In a recent decision dated 5 November 2024 (case no. II ZR 35/23), the Federal Court of Justice (BGH) reaffirmed its previous case law on the applicability of the notice periods in Section 622 German Civil Code (BGB) to managing directors. The BGH continues to hold that the minimum notice periods of Section 622 BGB also apply to managing directors of a GmbH who are not majority shareholders. This confirmation is in contrast to the opinion of the 2nd Senate of the Federal Labour Court (BAG), which declared the shorter notice periods pursuant to Section 621 BGB to be applicable to service relationships (see judgement of 11.06.2020 - 2 AZR 374/19).
Different views of the BGH and the BAG
The BGH argues that managing directors are comparable to employees in terms of their social status and therefore the protective mechanisms of Section 622 BGB, which cannot be waived to the disadvantage of the managing director, should also be applied to them. This view aims to ensure uniform protection against dismissal for all employee-like persons, regardless of whether they are in an employment relationship or not.
In contrast, the BAG is of the opinion that the notice periods for managing director service contracts, which are not employment contracts, are based on Section 621 BGB. The BAG emphasises that Section 622 BGB is expressly only applicable to employment relationships and that there is no regulatory gap that would justify an analogous application to service relationships. The statutory provision in Section 621 BGB is sufficient for service relationships and there is no need to apply the extended notice periods of Section 622 BGB to managing directors.
Implications of the different opinions
The differing opinions of the BGH and the BAG lead to considerable legal uncertainty for companies and managing directors. As long as this divergence has not been clarified, companies should take this into account regarding the contractual documentation and in separation situations.
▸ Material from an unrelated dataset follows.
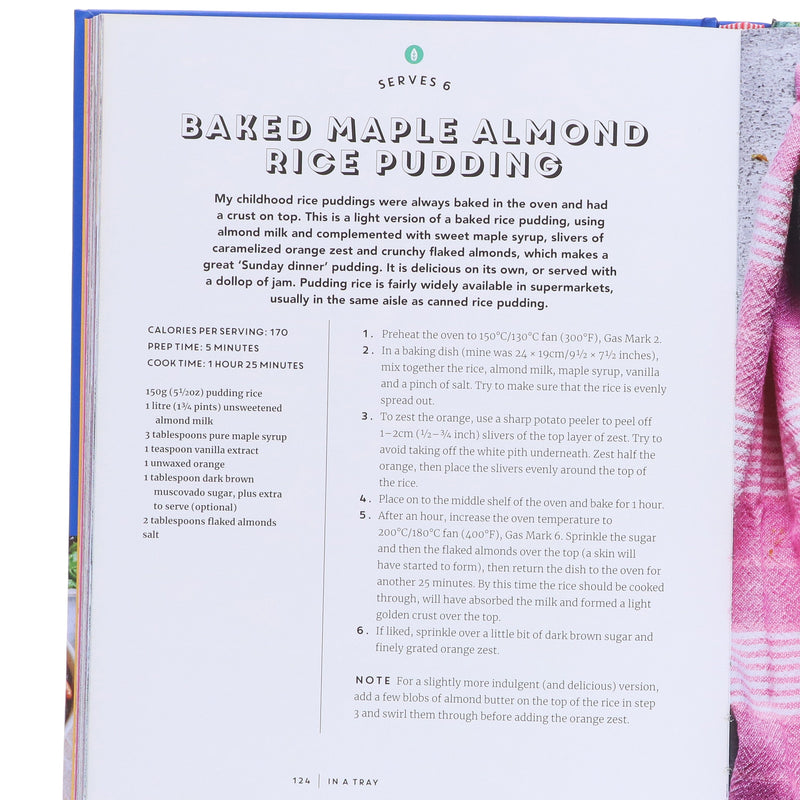 The Slimming Foodie In One: 100+ One-Dish Recipes Under 600 Calories by Pip Payne - Non Fiction - Hardback Non-Fiction Hachette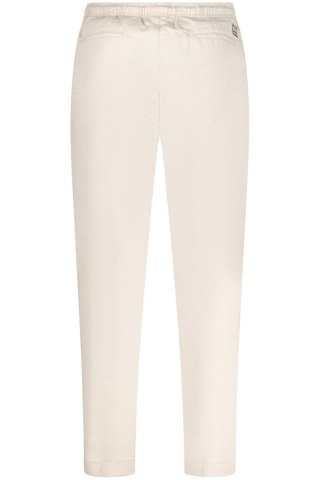 SPODNIE JEANSOWE GUESS MĘSKIE BEŻOWE (Beige)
In practice, longer notice periods are often agreed with managing directors than the six-week notice period to the end of a quarter, which applies in accordance with Section 621 BGB in the case of an annual remuneration. The automatic statutory extension of the notice period in accordance with Section 622 (2) BGB, which is favoured by the BGH, is therefore more important in practice.
In addition, the current divergence will also influence the strategic consideration of which court an action should be brought before, if there is a choice. In relation to the notice period, an action before the labour court could be less advantageous for a managing director.
It remains to be seen whether and when the Joint Senate of the Supreme Courts of the Federation will be called upon to clarify this contradiction in case law. A swift clarification would be desirable in any case.